Hungary's president called for early elections on Wednesday as a respected former finance minister warned the country faced "a choice between more crisis or bankruptcy".
President Laszlo Solyom said that with parliamentary elections due in spring 2010 at the latest, appointing an interim prime minister was just a short-term response to the country's economic and political troubles.
Lajos Bokros, the architect of painful spending cuts as finance minister in the mid-1990s, said Hungary no longer had any fiscal tools in reserve to soften the impact of a deep recession.
"Hungary is in a unique trap," Mr Bokros told the Financial Times. "It's not comparable to Poland or the Czech Republic, which can implement counter-cyclical policies to counteract the crisis. Many, including the prime minister, don't understand this, and still want fiscal expansion [...] But for us, it's now a choice between more crisis or bankruptcy."
Hungary's political parties have been struggling to agree on a new, non-political prime minister since Ferenc Gyurcsany, prime minister, on Saturday became eastern Europe's second political victim of the economic crisis.
His promise to step aside followed the resignation of Ivars Godmanis, the Latvian prime minister, over his handling of the economic crisis. On Tuesday, Czech MPs passed a no-confidence vote against the coalition government of Mirek Topolanek, the centre-right prime minister and current holder of the European Union's rotating presidency.
Mr Gyurcsany said his presence had become a hindrance to the passage of badly needed economic reforms as the country slides into recession. The president can call new elections only if Mr Gyurcsany actually resigns rather than allowing himself to be replaced.
Candidates floated at party negotiations have included Mr Bokros and Gyorgy Suranyi, a former central banker who is currently head of CIB Bank, a subsidiary of Italy's Intesa SanPaolo.
Though both names were welcomed by markets, Mr Bokros was rejected by the Socialists who believe his stabilisation plan is too brutal, while Mr Suranyi has said he will only accept the prime ministership if he is supported by all four parliamentary parties. This is unlikely, since Fidesz, the centre-right opposition party, insists on early elections.
With little chance of reaching agreement on heavy hitters, the Socialists and the Free Democrats, their former coalition partners, have been discussing candidates including a former historian who headed the country's Academy of Sciences.

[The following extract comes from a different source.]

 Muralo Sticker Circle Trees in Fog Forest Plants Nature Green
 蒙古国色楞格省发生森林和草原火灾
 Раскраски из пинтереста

But with investor confidence in Hungary at an all-time low, any new prime minister will have to act fast to restore the fiscal credibility of Hungary, which was forced to turn to the IMF for a €20bn support package last autumn.
Gabor Ambrus, an economist at the London consultancy 4cast, said earlier this week: "If somebody of Mr Bokros' calibre is appointed, it would be very positive[...] The real question, though, is whether the appointee will be able to put together a credible plan." A weak candidate could spark further investor flight, he said.